The Department of Canadian Heritage issues a Table of Precedence for Canada,[1] which does not include members of the Royal Family, save for the sovereign, mentioned in a note as preceding the governor general. The Department of National Defence issues near identical guidelines, with the primary difference being the inclusion of members of the Canadian Royal Family,[2] specifying that they take precedence after the governor general. The provinces and territories of Canada also have their own orders of precedence for events of a provincial or territorial nature.
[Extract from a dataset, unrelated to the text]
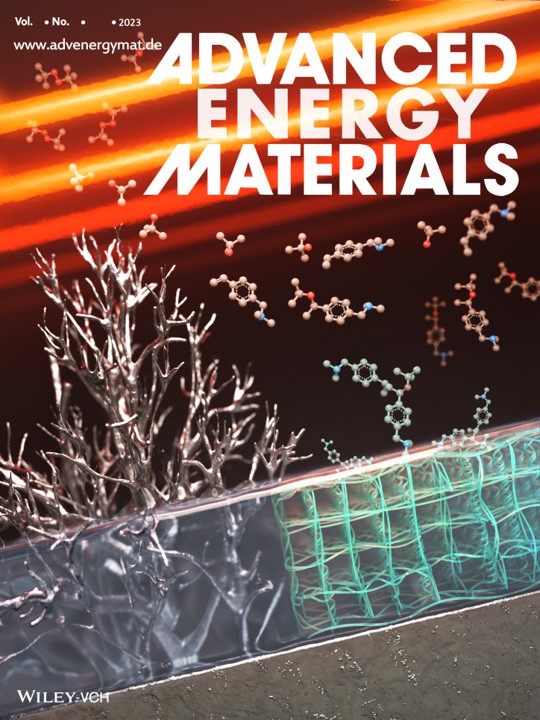 에너지 분야 국제 학술지 `어드밴스드 에너지 머티리얼즈(Advanced Energy Materials)' 표지논문 (Front Cover) 선정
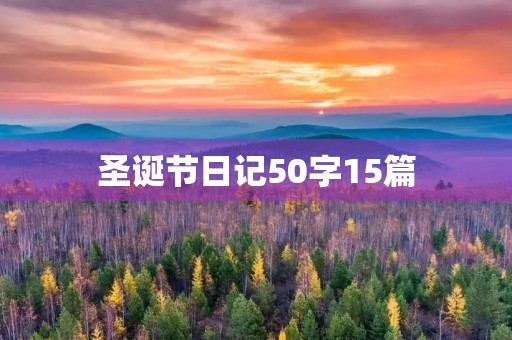 圣诞节日记50字15篇 圣诞节日记50字15篇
They serve the same purpose and are structured similarly, but place an emphasis on provincial or territorial offices.

All units of the Canadian Forces also have an order of precedence that determines seniority; it often decides such matters as which unit forms up to the right (senior side) of other units on a ceremonial parade, or the order in which marches or calls are played at a mess dinner.

  1. Queen of Canada (Elizabeth II)[3]
  2. Governor General of Canada (Julie Payette)
  3. Prime Minister of Canada (Justin Trudeau)
  4. Chief Justice of Canada (Richard Wagner)
  5. Former Governors General of Canada in order of their departure from office:
    1. Ed Schreyer (1979–1984)
    2. Adrienne Clarkson (1999–2005)
    3. Michaëlle Jean (2005–2010)
    4. David Johnston (2010–2017)
  6. Widows of Governors General of Canada:
    1. Gerda Hnatyshyn, widow of Ray Hnatyshyn
    2. Diana Fowler LeBlanc, widow of Roméo LeBlanc
  7. Former Prime Ministers of Canada in order of their first assumption of office:
    1. Joe Clark (1979–1980)
    2. John Turner (1984)
    3. Brian Mulroney (1984–1993)
    4. Kim Campbell (1993)
    5. Jean Chrétien (1993–2003)
    6. Paul Martin (2003–2006)
    7. Stephen Harper (2006–2015)
  8. Former Chief Justices of Canada, in order of their appointment
    1. Beverly McLachlin (2000–2017)
  9. Speaker of the Senate of Canada (George Furey)
  10. Speaker of the House of Commons of Canada (Anthony Rota)
  11. Representatives to Canada of foreign governments
    Ambassadors and High Commissioners come first, in order of the presentation of their credentials; then come Ministers Plenipotentiary, and then Chargés d'affaires.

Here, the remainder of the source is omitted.